Start of Block

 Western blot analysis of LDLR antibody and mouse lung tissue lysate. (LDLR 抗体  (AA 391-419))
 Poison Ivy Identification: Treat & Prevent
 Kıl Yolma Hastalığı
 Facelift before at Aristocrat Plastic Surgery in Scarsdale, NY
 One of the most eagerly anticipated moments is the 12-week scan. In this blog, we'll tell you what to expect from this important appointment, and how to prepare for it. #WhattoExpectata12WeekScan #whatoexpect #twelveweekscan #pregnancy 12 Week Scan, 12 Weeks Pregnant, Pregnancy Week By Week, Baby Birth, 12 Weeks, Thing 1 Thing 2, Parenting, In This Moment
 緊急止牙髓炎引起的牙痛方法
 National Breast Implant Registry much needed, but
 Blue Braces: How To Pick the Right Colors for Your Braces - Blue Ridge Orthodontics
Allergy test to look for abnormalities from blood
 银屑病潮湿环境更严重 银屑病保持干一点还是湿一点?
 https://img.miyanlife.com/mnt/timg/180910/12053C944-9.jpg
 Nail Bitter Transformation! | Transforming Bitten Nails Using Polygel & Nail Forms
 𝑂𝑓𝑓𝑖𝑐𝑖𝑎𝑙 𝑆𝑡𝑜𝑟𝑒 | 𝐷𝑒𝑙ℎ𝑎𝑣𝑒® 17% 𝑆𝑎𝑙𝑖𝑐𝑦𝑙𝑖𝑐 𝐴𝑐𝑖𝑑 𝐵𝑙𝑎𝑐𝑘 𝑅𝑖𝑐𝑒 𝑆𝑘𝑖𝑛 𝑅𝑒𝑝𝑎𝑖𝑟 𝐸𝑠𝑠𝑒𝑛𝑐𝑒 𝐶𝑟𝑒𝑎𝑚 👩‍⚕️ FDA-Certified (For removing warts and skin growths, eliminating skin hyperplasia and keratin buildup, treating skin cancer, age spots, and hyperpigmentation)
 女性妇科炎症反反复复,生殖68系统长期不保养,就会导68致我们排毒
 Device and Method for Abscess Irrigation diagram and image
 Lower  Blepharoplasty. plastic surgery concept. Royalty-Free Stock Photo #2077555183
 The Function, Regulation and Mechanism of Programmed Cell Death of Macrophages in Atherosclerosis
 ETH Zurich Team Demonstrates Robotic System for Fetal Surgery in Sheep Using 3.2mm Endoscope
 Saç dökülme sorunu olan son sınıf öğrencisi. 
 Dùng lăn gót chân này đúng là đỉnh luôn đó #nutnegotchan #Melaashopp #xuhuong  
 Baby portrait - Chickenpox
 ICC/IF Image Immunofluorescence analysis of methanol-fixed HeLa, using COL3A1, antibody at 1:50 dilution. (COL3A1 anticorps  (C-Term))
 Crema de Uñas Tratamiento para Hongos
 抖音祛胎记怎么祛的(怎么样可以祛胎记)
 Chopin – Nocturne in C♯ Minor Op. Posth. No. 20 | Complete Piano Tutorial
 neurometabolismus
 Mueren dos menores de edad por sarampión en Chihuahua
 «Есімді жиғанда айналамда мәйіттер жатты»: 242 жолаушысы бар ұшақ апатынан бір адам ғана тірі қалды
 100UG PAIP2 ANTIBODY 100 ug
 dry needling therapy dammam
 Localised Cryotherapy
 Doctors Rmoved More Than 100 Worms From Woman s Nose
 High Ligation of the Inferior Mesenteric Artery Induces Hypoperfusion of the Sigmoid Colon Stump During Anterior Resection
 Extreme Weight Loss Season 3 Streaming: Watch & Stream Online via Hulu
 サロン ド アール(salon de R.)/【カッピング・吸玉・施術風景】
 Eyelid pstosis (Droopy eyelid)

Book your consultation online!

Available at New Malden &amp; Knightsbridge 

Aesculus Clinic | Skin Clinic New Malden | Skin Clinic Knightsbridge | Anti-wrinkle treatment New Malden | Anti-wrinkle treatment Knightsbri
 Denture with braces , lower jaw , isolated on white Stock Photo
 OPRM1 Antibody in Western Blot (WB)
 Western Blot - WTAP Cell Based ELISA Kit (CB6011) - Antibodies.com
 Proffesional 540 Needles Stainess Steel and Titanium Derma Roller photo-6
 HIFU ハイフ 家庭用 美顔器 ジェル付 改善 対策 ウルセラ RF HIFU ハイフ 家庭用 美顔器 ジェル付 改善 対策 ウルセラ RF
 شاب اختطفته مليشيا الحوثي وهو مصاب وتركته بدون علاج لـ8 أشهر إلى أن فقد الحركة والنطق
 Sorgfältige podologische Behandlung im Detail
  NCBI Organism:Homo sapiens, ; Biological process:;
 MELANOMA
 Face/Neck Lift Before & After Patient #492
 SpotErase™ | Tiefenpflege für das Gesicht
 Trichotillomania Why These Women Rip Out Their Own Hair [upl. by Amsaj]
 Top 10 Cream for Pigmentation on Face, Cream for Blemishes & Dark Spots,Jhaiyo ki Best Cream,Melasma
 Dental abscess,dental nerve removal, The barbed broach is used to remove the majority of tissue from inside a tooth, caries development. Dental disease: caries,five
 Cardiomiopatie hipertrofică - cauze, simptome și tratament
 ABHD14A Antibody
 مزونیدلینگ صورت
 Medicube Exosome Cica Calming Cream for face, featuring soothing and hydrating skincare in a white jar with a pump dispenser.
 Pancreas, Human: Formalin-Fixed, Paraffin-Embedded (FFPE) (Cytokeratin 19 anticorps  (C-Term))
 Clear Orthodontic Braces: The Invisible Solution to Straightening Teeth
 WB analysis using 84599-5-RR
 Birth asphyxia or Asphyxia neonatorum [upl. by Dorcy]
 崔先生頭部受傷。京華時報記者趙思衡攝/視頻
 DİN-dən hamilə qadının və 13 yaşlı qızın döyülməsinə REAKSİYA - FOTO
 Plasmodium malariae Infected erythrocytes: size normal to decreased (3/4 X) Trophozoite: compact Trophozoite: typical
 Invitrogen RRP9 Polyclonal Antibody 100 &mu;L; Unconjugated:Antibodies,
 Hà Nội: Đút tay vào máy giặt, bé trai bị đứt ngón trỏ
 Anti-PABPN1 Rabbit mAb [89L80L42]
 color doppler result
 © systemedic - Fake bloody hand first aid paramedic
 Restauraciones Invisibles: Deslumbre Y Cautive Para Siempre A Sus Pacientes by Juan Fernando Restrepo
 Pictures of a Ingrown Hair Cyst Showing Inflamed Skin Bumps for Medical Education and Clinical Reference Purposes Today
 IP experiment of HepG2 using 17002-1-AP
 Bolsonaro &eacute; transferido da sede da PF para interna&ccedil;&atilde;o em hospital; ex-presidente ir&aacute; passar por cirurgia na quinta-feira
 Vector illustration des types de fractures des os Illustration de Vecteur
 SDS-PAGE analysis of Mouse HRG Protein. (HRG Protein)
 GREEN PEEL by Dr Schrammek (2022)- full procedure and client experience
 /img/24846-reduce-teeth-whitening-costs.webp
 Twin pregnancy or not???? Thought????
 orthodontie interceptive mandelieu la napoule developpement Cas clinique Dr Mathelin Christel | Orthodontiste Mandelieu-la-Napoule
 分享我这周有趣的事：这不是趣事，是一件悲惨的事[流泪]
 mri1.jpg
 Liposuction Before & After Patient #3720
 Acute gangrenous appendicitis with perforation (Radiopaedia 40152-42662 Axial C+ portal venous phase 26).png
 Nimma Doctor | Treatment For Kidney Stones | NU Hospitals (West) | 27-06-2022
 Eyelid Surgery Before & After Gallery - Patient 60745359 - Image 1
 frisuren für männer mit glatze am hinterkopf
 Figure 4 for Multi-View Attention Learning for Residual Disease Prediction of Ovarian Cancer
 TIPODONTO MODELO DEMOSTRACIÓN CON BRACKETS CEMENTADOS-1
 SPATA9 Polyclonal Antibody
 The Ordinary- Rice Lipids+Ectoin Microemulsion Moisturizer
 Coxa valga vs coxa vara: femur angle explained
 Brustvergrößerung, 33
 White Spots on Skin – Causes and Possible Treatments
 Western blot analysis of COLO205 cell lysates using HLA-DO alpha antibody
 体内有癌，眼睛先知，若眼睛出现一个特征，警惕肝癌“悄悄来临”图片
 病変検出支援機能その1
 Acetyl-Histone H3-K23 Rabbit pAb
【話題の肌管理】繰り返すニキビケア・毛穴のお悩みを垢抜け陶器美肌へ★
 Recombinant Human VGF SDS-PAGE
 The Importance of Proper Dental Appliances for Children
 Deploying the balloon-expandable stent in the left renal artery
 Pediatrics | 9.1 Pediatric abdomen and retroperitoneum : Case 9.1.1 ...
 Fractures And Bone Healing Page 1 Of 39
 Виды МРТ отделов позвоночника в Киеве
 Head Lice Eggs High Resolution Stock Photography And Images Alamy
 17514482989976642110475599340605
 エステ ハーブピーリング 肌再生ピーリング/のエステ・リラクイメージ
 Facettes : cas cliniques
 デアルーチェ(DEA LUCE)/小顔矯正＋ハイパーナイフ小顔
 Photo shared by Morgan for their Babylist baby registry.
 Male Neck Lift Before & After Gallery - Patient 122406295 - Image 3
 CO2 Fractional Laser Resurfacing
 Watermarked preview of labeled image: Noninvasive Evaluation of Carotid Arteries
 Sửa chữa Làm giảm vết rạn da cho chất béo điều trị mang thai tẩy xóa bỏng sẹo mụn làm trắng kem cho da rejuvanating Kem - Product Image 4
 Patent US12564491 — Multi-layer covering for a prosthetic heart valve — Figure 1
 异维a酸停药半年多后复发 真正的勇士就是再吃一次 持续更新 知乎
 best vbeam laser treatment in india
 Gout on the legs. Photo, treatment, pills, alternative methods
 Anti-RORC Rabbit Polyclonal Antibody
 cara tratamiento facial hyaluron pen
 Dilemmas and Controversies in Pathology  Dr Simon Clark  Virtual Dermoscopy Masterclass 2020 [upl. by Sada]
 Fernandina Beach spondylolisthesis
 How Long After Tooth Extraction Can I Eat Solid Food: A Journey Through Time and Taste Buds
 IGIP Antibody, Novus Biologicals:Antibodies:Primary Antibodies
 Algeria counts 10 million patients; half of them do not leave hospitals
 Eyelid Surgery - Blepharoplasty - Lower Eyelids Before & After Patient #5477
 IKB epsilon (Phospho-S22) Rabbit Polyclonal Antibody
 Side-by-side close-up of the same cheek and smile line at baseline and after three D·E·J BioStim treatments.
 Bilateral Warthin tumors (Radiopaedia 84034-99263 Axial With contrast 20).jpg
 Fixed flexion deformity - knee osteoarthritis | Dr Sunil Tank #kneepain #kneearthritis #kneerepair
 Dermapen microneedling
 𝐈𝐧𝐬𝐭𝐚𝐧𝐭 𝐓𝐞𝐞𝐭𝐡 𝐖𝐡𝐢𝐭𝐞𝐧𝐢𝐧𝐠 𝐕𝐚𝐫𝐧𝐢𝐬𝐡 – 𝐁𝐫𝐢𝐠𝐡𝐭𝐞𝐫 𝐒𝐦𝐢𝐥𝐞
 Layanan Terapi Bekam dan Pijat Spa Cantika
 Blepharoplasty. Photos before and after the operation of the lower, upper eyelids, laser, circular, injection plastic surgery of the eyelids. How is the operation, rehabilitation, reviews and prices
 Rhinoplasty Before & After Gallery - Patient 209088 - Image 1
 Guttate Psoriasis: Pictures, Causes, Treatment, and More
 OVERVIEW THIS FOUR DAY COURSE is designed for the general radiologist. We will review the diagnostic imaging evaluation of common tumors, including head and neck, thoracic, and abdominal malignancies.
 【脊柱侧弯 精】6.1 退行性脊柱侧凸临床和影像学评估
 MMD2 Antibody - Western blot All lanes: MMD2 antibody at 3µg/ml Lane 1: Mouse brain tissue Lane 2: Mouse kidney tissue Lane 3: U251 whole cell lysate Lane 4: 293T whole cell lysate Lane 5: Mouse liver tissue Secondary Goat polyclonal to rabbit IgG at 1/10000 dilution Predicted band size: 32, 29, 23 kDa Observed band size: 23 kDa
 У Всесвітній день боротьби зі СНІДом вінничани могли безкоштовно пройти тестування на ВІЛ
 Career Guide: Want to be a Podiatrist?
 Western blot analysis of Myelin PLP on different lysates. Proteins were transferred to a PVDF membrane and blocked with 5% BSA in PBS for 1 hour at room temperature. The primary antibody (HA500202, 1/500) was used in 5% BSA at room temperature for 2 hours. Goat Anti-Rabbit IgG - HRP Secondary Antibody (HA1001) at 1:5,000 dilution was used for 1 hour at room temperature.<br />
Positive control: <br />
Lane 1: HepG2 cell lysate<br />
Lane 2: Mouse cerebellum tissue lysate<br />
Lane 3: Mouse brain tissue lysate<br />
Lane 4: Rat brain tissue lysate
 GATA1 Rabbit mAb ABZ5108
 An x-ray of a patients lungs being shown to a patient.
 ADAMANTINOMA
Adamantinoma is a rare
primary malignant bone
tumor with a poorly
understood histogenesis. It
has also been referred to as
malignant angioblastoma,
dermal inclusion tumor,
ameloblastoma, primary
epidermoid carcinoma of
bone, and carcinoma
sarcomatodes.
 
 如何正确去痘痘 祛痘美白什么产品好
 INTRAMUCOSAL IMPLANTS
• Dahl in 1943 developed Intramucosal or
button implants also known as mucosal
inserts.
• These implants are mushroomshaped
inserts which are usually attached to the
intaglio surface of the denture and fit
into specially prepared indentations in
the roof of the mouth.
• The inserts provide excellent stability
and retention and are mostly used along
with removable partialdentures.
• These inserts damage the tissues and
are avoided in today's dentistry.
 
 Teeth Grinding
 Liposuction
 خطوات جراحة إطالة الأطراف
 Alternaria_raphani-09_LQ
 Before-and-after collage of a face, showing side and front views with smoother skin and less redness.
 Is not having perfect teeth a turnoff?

End of Block

▶ **EXERCISE BRIEF**: Take the lines above from the one containing "Saç dökülme sorunu" down to the one containing "High Ligation of", and transcribe them exactly, both ends included.

▶ **TASK RESPONSE**:
 Saç dökülme sorunu olan son sınıf öğrencisi. 
 Dùng lăn gót chân này đúng là đỉnh luôn đó #nutnegotchan #Melaashopp #xuhuong  
 Baby portrait - Chickenpox
 ICC/IF Image Immunofluorescence analysis of methanol-fixed HeLa, using COL3A1, antibody at 1:50 dilution. (COL3A1 anticorps  (C-Term))
 Crema de Uñas Tratamiento para Hongos
 抖音祛胎记怎么祛的(怎么样可以祛胎记)
 Chopin – Nocturne in C♯ Minor Op. Posth. No. 20 | Complete Piano Tutorial
 neurometabolismus
 Mueren dos menores de edad por sarampión en Chihuahua
 «Есімді жиғанда айналамда мәйіттер жатты»: 242 жолаушысы бар ұшақ апатынан бір адам ғана тірі қалды
 100UG PAIP2 ANTIBODY 100 ug
 dry needling therapy dammam
 Localised Cryotherapy
 Doctors Rmoved More Than 100 Worms From Woman s Nose
 High Ligation of the Inferior Mesenteric Artery Induces Hypoperfusion of the Sigmoid Colon Stump During Anterior Resection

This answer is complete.